Please note that most of the software linked on this forum is likely to be safe to use. If you are unsure, feel free to ask in the relevant topics, or send a private message to an administrator or moderator. To help curb the problems of false positives, or in the event that you do find actual malware, you can contribute through the article linked here.
Topic: MPC vs OGG (Read 30228 times) previous topic - next topic
0 Members and 1 Guest are viewing this topic.

MPC vs OGG

Reply #50
Quote
Originally posted by layer3maniac
As I said before, I DID ABX the mpc decode 16 out of 16 times. What does that prove? Can you duplicate it? Can Garf?
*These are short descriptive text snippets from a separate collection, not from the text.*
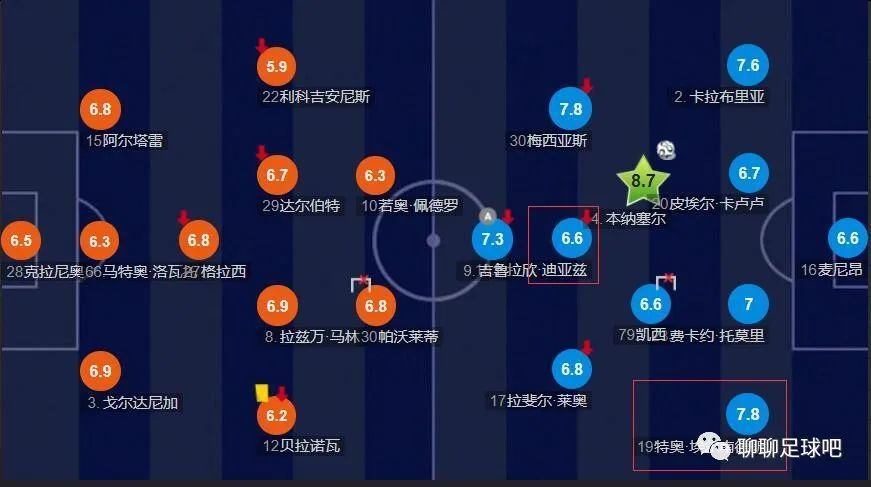 上周欧冠被拜仁击败后，滕哈赫在队内训练时将队员聚集在一起，阐明了在联赛中争取尽可能高的排名，以确保前四名的重要性。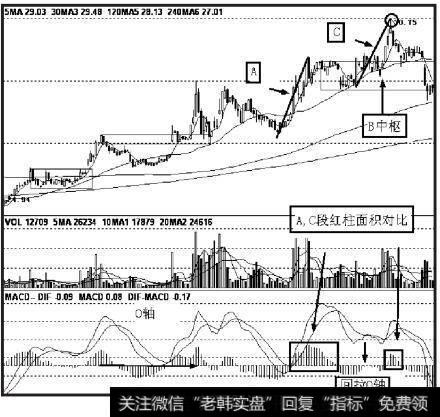 A、B、C段在一个大的上涨趋势里，其中A之前已经有一个以上的中枢，B是这个大趋势的另一个中枢，这个中枢已经把MACD的黄白线（也就是DIFF和DEA）回拉到0轴附近。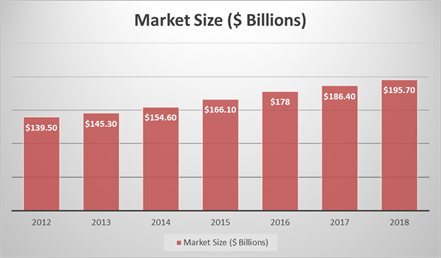 Market Size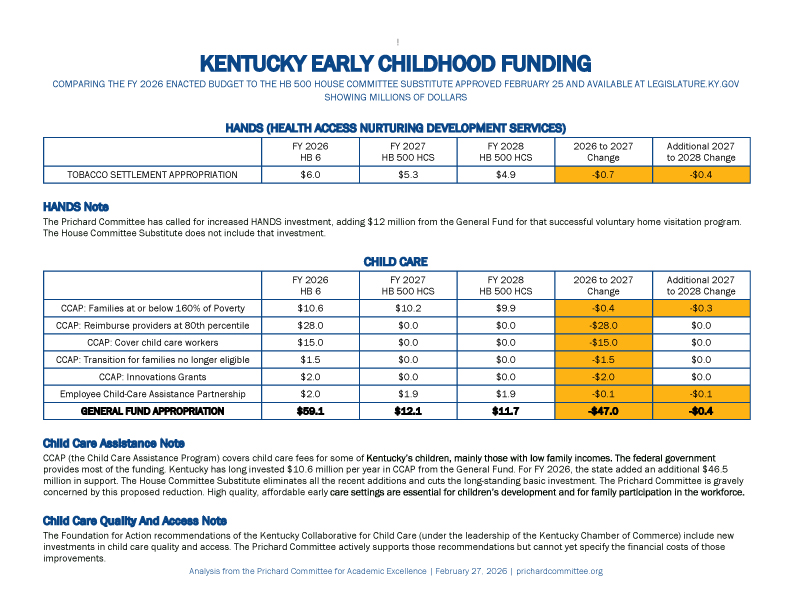 HCS.EarlyChildhoodBudget2026.Draft2 HCS.EarlyChildhoodBudget2026.Draft2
That proves NOTHING.
If you ABXed even with 15 out of 16 times it proves to everybody with 99.9% confidence that there's a audible difference.
It doesn't matter if anybody else can duplicate it or not.
The only other factor is, are you credible person or not (and not telling false results, although I'm not implying you are telling false results)..
Juha Laaksonheimo

MPC vs OGG

Reply #51
the three of you are beyond me in terms of knowledge, and for all I know you are good friends and the apparent ripping on each other is done with tongue in cheek.  But if that's not the case, and the disagreement has real unfriendly overtones (at least on one side), a conclusion will probably be reached more easily if the issues of disagreement are not personalized (e.g., "shows how much you know" and such comments).
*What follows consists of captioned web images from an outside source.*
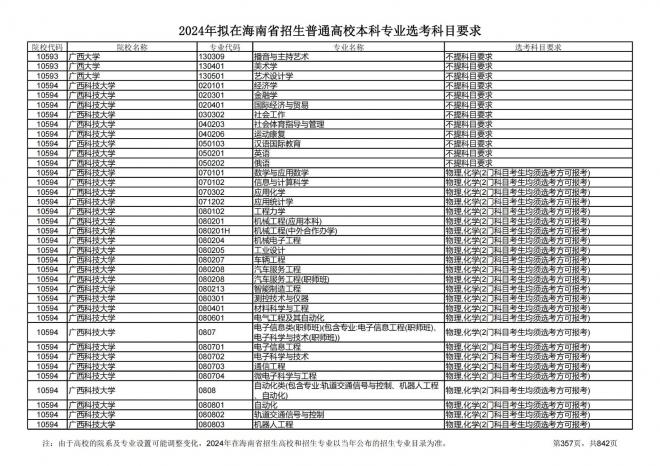 2024年拟在海南招生的普通高校本科专业选考科目要求
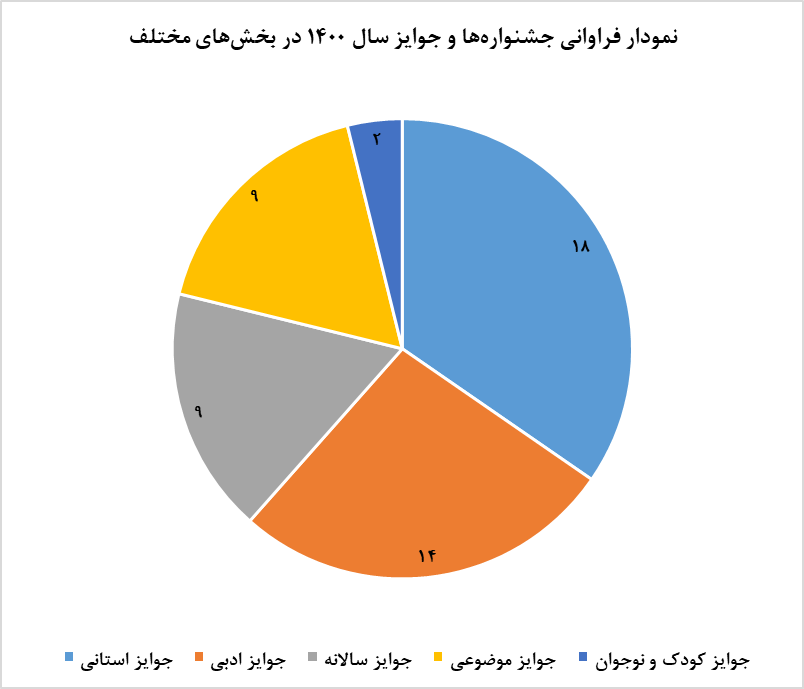انتشار کتابشناسی توصیفی آثار منتخب جشنوارههای کتاب ایران ۱۴۰۰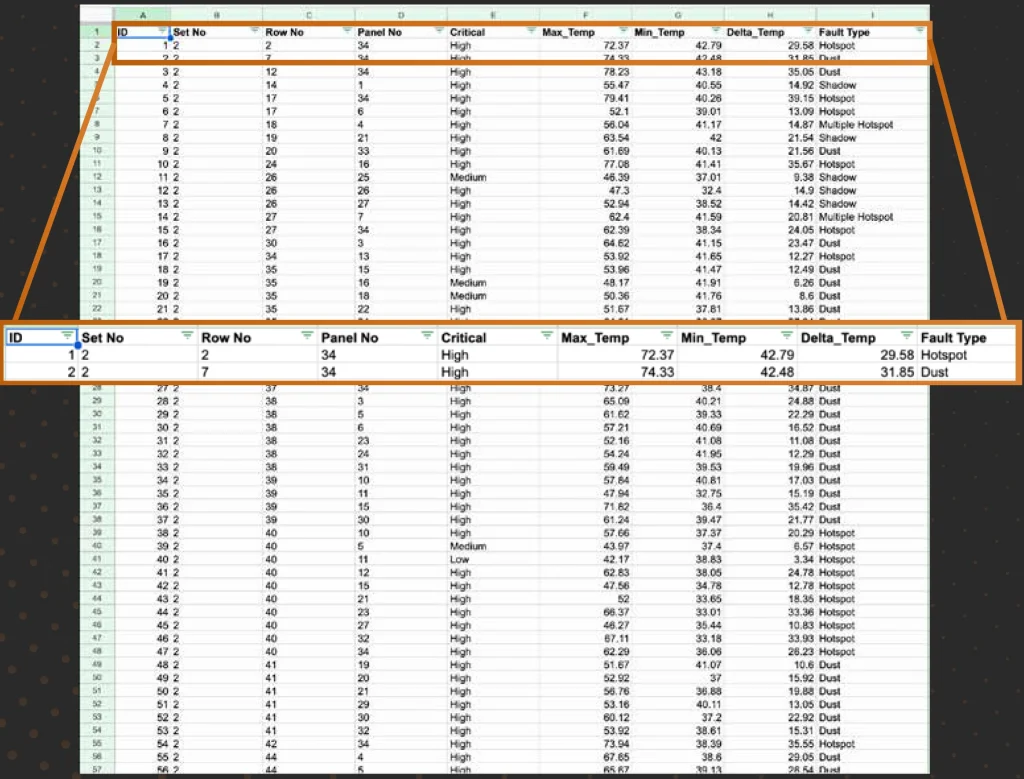 Excel spreadsheet showing a solar panel inspection report with rows of inspection data, performance values, and maintenance notes.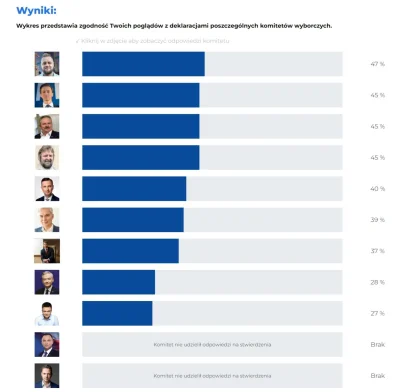 z.....s - @apee: Nie wiem czy to zrobiłem, chyba nie. Ale tak mi wyszło. Znaczy się, ...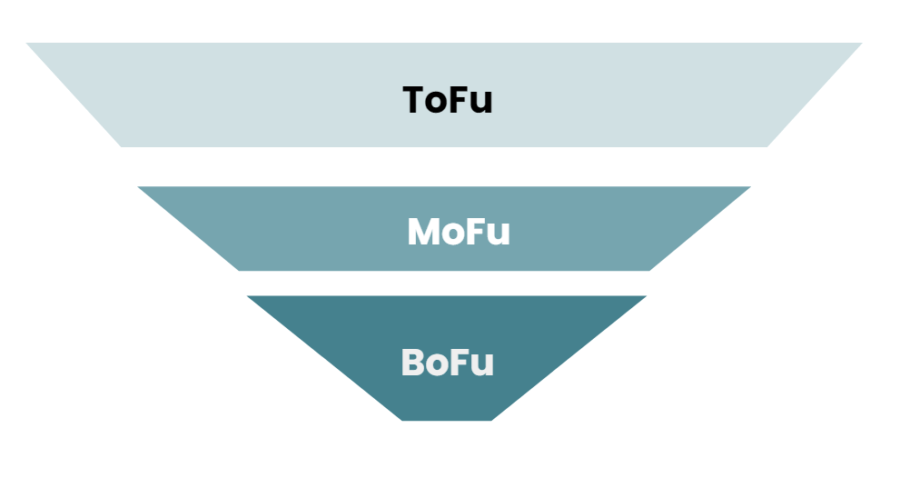 Tofu mofu bofu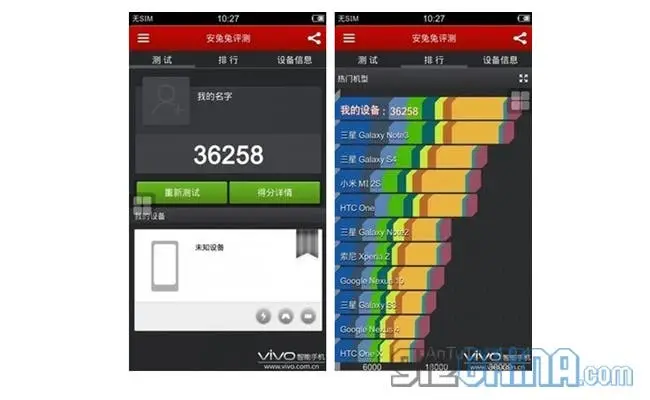 vivo xplay 3s antutu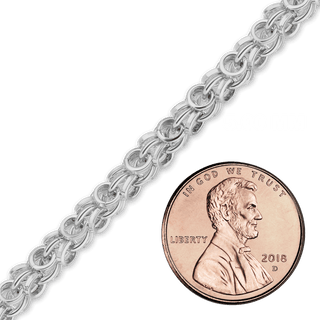 Bulk / Spooled Handmade Ring Ring Chain in Sterling Silver (5.00 mm)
My training is in social science, so I feel qualified to comment on bias and double-blindness and such.  ABX is pretty well set up as double blind.  As such, it cannot be affected by bias, to the extent that bias refers to a normative interest in one codec coming out as better than another.  But as hearing perception is individual, some people may pick up on difference that others are unable to, or may differentiate between samples using a different methodology (e.g., I may notice general brightness while someone else may notice a specific artifact).  But the setup of a double-blind test necessitates that a person must be able to differentiate between the samples (which is the whole point of the test) before any normative bias can be exercised.  Finally, phrases such as "audible difference" must be carefully specified to answer the question: audible to whom?
God kills a kitten every time you encode with CBR 320

MPC vs OGG

Reply #52
layer3maniac,

What sounds wrong with the MPC insane file?  Achieving 16/16 on an ABX is not meaningless to the outside world, obviously, because it proves with extremely high confidence that you heard a real difference -- which is the purpose of ABX.  To just say that you heard a difference without providing ABX results is far less convincing (unless I have a lot of experience with you as a listener).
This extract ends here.